What started off in Colombia as a peaceful protest in late April against an unpopular tax proposal has grown into deadly demonstrations that have stretched into their second week.
The turmoil is a broader display of anger against police brutality and the economic cost of the COVID-19 pandemic in a country that was already suffering from economic hardship.
Colombia’s human-rights ombudsman said the clashes between protesters and security forces have left at least 24 people dead. But rights groups and non-governmental organizations say that number is much higher, and scores of individuals remain unaccounted for.
With thousands of people still taking to the streets, Colombia is a country on edge as social media is inundated with images of protesters being beaten by riot police and officers opening fire indiscriminately. This has only added to the resentment across the country.
The violence directed at protesters prompted the United Nations this week to accuse Colombia’s security forces of using excessive force against demonstrators.
The marches began after President Ivan Duque proposed a tax overhaul meant to close a pandemic-related economic shortfall. Even though he withdrew the contentious plan four days after the protests began, the unrest continues.

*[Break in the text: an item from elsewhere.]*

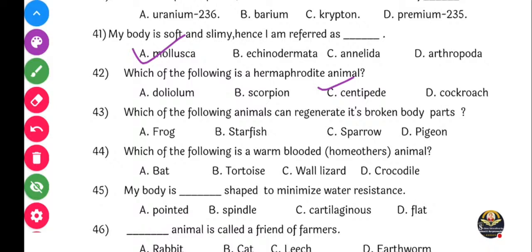Next question: Which of the following animals can regenerate its broken part? Kutla animal aaple tutlela part kiwa tutlela ang vagare punha regenerate karu shokto? Options: Frog, starfish, sparrow, pigeon. Correct answer - that is starfish.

The crowds have only grown, fuelled by outrage over the government’s actions against demonstrators that has seen riot police responding with tear gas, stun grenades, batons and firearms.
“Even during the worst years of the [decades-long] armed conflict, events of human-rights abuse weren’t this prolonged or widespread,” said Adam Isacson, director for defence oversight at Washington Office on Latin America (WOLA), a non-governmental organization.
“Government forces openly attacking people in several parts of the country at the same time is something I haven’t seen in 25 years of closely following Colombia.”
There were strikes and demonstrations in November, 2019, that were largely focused on government inaction over extrajudicial killings. But those protests came to a halt last year because of the pandemic. Now, however, demonstrators have broadened their demands on government to tackle poverty, police violence and inequalities in the health and education systems.
“The roots of these protests are a secret to no one,” said Elizabeth Dickinson, senior analyst for International Crisis Group. “COVID-19 has exposed and exacerbated Colombia’s extreme inequality in every sense of the word: income, health care, education, even basic security and safety.”
In Bogota, student Juan Mendoza made his feelings clear: “This has all been a pressure cooker and it’s a protest against the political mismanagement of the past few years. The tax reform proposed would have raised the prices of basic foodstuffs on a population without work, without subsidies and this was the final straw.”
Other key issues at stake for the protestors include the government’s unwillingness to adhere to the 2016 peace accord signed with FARC (Revolutionary Armed Forces of Colombia) guerrillas, and the killings of social and community leaders that remain uninvestigated. (Fifty-seven social leaders and 22 former FARC combatants have been killed so far in 2021 according to Indepaz, the Colombian Institute for studies on development and peace).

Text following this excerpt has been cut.